É impossível não enxergar os contrastes do país no contraste entre as imensas paredes escuras do depósito e a paisagem iluminada que se vê pelo também imenso vão aberto.

Mais contundente do que as imagens só mesmo a narração em off que conduz o espectador por quase o filme inteiro. Permitir que ouçamos o que Cristiano sente e pensa sobre sua trajetória talvez seja o maior mérito do longa. Raras vezes é dado ao oprimido o lugar da fala – a chance de narrar a própria história. E Arábia não só faz isso, como ainda leva essa experiência ao limite no último ato, ao excluir a música e os sons diegéticos, conferindo à voz de Cristiano todo o protagonismo.

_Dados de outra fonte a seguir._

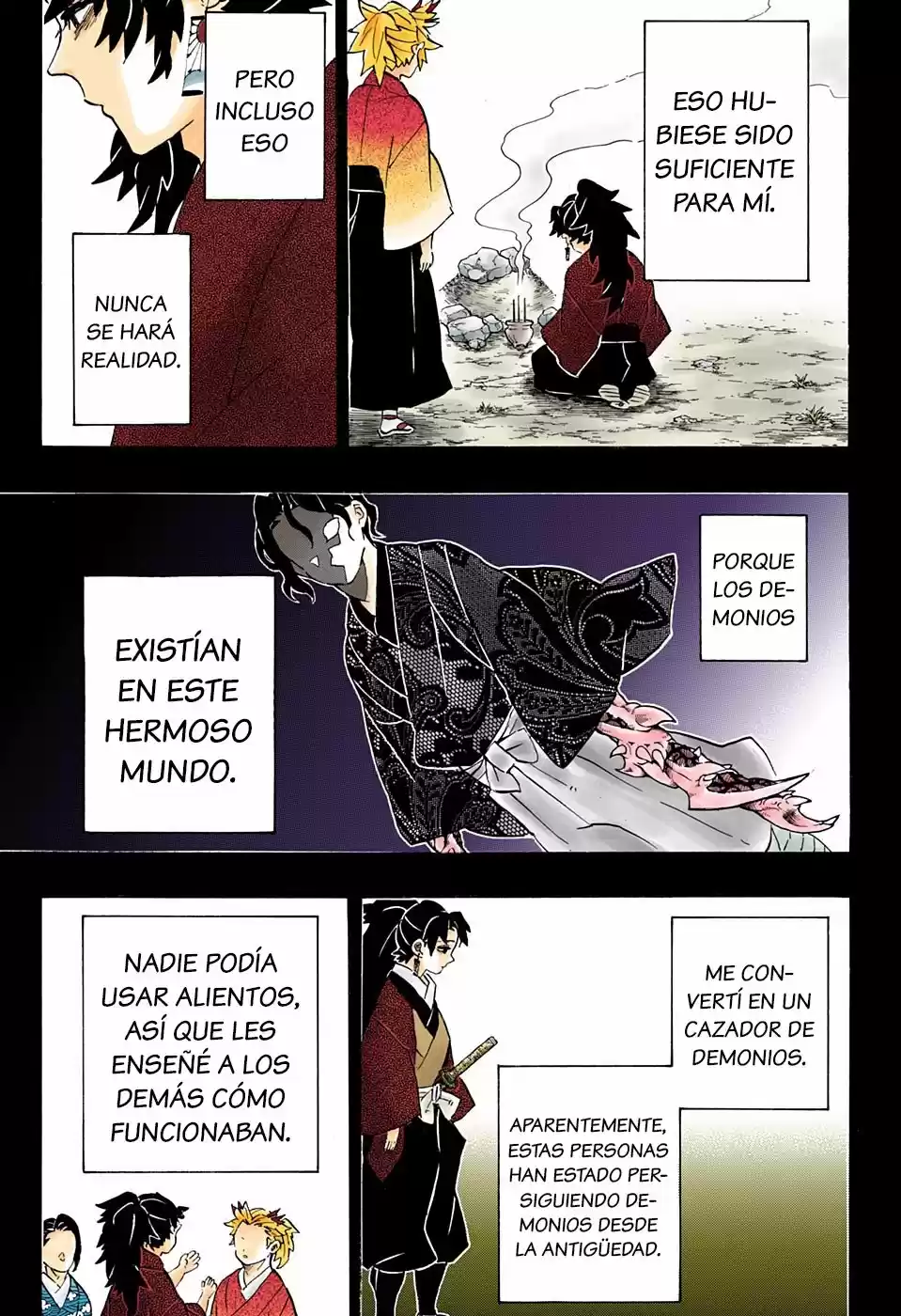 Kimetsu No Yaiba - Capítulo 186.50 - Página 18 - LectorTMOo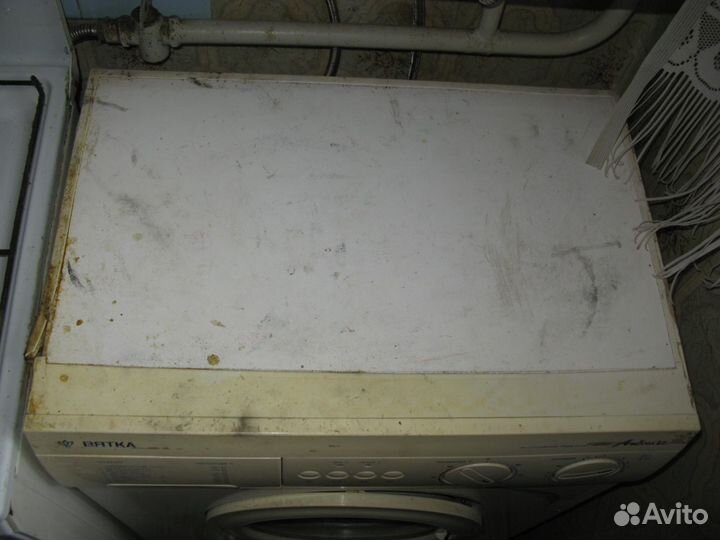 Две неисправных стиральных машины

Não deixa de ser significativo que essa passagem – que coincide com o momento de epifania do rapaz, quando ele toma consciência de que sempre viveu “no engano”, de que sempre foi tratado como mais um “cavalo cansado” – aconteça em Ouro Preto, cidade mineira que um dia testemunhou um movimento que se insurgiu contra a exploração e cujo lema era “liberdade ainda que tardia”.

Significativo e tristemente irônico, já que a liberdade para o trabalhador brasileiro – o destino de Cristiano sugere – aparentemente só vem quando a vida se aposenta.